Making Sense of Deepfake Mitigations
How can we fortify our “Knowledge Pipeline” in the face of synthetic media?
Close to two years ago, I started applying the framework described below in order explore ways to reduce the negative impacts of synthetic media (and other forms of misinformation). It’s not perfect, but I’ve found it useful enough to share in venues around the world, and I am continuing to expand on it with others. Using frameworks like this as a form of shared language can help us make sense of complex problems and share approaches for addressing them.
If we can’t distinguish fact from fiction, or reality from fakery, we can’t make effective decisions as society. Synthetic media technology poses a variety of challenges to our ability to discern, and the real-world impacts are beginning to be felt in finance, geopolitics, journalism, and elsewhere. Of course the underlying tools and problems are not new — manipulated media has existed just as long as media has existed — but the scope of likely societal impact has increased dramatically as the costs of manipulation shrink by orders of magnitude.
There are two “dual deepfake challenges” to address. First, synthetic media technology enables deception — fakery can be easier and more impactful. Secondly, the possibility of such deception can weaken the strength of true incriminating evidence — it can make real verification more difficult and less effective.
There is no easy fix to either challenge. We have no choice but to grapple with many complex, intermingled mitigations, that address just some of the likely impacts. Thankfully, we can at least tame some of that complexity. We can think about addressing the challenge of synthetic media as “fortifying our knowledge pipeline.”
The Knowledge Pipeline
The “Knowledge Pipeline” describes the ways in which content moves through the ecosystem, from creation, to distribution, to belief, to impact.
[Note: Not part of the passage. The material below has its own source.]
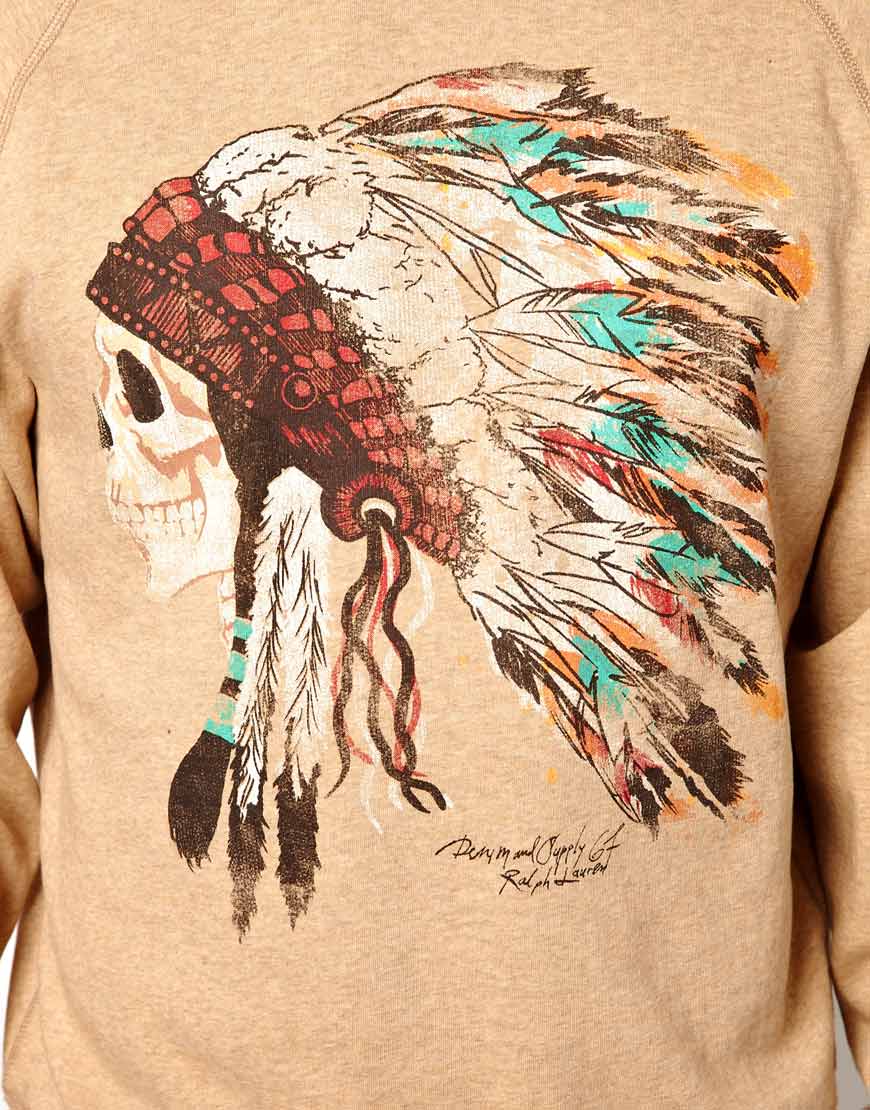 Denim & Supply Ralph Lauren Denim Supply Ralph Lauren Sweatshirt with Indian  Head Print in Natural for Men | Lyst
For example, we can consider the following questions around potentially synthesized videos:
- How easy is it to create a manipulated — or real — video?
- How easy is it to distribute a video so that people actually see it?
- What influences whether or not someone believes the video?
- What determines what actions are taken based on resulting beliefs, and how a society is impacted, from courts, to journalists, to diplomats?
Analogous questions can also apply to other forms of media such as audio and text.
At each stage in the pipeline, we can consider levers that can be wielded by, or that act on, the key actors at that stage (creators, distributors, recipients, and societal systems). Levers are ways to impact the dual challenges: decreasing the ROI of fake content, and increasing the ROI of real content.
The knowledge pipeline is of course a simplified model. In practice, there are feedback loops, where e.g. belief and impact influence distribution (we can incorporate those feedback loops to make the slightly more complex “Knowledge Lifecycle” diagram). A lever may also address aspects of multiple stages, or may be situated in one stage, but impact others (e.g., a watermarking system might be added at content creation, but only have an effect on a downstream societal system). The framework is applicable (or adaptable) to the majority of mitigations, helps make relatively distinct functions clear, and provides the basis for a visual language for exploring systems, mitigations, and feedback loops.
In addition, it’s often valuable to consider the governance of those levers — how are they controlled? Some innovations are not around levers directly, but ways to ensure that utilizing a lever does not decrease freedom or otherwise reduce human rights.
There are a variety of other dimensions worth considering, such as whether a mitigation is meant to be preventative, and/or curative; who might implement or fund the mitigation, and whether a mitigation focuses on good actors, or malicious actors.
Putting this all together, consider the example of the mitigations I outline in this piece on building responsible synthetic media tools. These mitigations, such as putting visible disclosures and hidden watermarks in synthesized content, would directly impact creation. This is a lever that would make it more difficult for content creators to create synthetic media that could be used to cause harm. It would be implemented (and therefore “governed”) by the creators of synthetic media tools.
A further lever that could make these controls more ubiquitous would be if the Apple and Google app stores required all synthetic media tools to implement them. This would then have those companies impacting creation and partially governing how synthetic media can be created on their platforms. Finally, a company like Facebook also take advantage of the existence of hidden watermarks to treat synthesized content differently, impacting distribution (and governing their own influence; though they may be able to offer some of that governing power to independent bodies, as they do with third party fact checkers).
All of these restrictions are limited in impact — for example, malicious actors might still find tools that don’t have any controls. But with the right incentives, those tools are likely be harder to access and inferior in quality, as they may be more difficult to monetize if they are not available on popular platforms. No mitigation to this challenge is a silver bullet. We need defense-in-depth.
If we want to make sense of the problems we are facing, we need shared models and language that can augment our thinking. In an ideal world, every conversation about mitigations might be centered on a map of problems and a systems diagram of underlying forces and constraints. In lieu of that ideal, it is at least critical to map the complex world of mitigations in order to support best practice sharing, funding allocation, tradeoff analysis, and collaboration. The Knowledge Pipeline framework aims to be a step toward taming some of that complexity and improving our understanding and communication.